Untuk sistem besar seperti Jawa-Bali ini minimal acuannya yang 30 persen itu. Dikatakan pada tahun 2019 nanti, posisinya sudah di bawah 30 persen dan tahun 2020-2021 diprediksi akan defisit seperti pada tahun 2014-2015 lalu dimana saat itu terjadi pemadaman ketika ada pemeliharaan. Untuk itu pihaknya perlu masukan-masukan untuk pengembangan ke depannya. Astawa mencontohkan kalau pengembangan Pulau Serangan dilaksanakan maka akan memerlukan pasokan listrik sampai 100 mega lebih. “Jadi kita perlu masukan kira-kira ke depan akan ada pembangunan apa lagi, ini penting untuk persediaan listriknya,” jelasnya.

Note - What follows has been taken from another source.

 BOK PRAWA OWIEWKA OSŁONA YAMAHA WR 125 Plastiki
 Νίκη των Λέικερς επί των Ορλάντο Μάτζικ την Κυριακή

Berdasarkan proyeksi kebutuhan di masa mendatang tersebut, maka PLN mengambil terobosan dengan menambah kapasitas transfer dari Jawa ke Bali melalui saluran 500 kv. “Saat ini studi di PLN yang paling murah dan memungkinkan adalah melalui tower saluran udara yang disebut Jawa Bali Crossing (JBC) dengan menambah kapasitas transfer dari Jawa ke Bali sebesar 500 kv,” jelasnya.
Namun proyek bernilai 400 juta dolar tersebut masih belum bisa berjalan sesuai rencana karena terjadinya penolakan di lapangan. Menurut Astawa kalau memang dari sisi kearifan, dari sisi kepercayaan orang Bali tak memungkinkan dan tak bisa digeser (tower) atau dari sisi ketinggian harus diturunkan pihaknya bisa melakukan studi, apa harus diturunkan termasuk dimana posisi yang memungkinkan. Namun dia mengingatkan kalau cara tersebut juga tak diizinkan maka PLN terpaksa akan tetap melakukan pengembangan dengan pertimbangan dari sisi studi lebih murah seperti membangun kabel bawah laut. Dikatakan
melalui transfer listrik ke Bali ini sebenarnya sistem Bali akan kuat. Karena dulunya Bali bersandar dengan Jawa melalui saluran 150 kv, tapi sekarang Jawa dengan Bali akan bersatu melalui saluran 500 kv yang lebih besar. Sehingga ketika ada goncangan apapun di Bali akan terserap oleh sistem 500 kv ini. “Ibarat pipa kalau sekarang diameternya 150, maka nantinya akan jadi lebih besar yakni 500,” ujarnya. Dan kalau rencana ini bisa terwujud maka listrik di Bali akan cukup sampai 2026-2027. (bas)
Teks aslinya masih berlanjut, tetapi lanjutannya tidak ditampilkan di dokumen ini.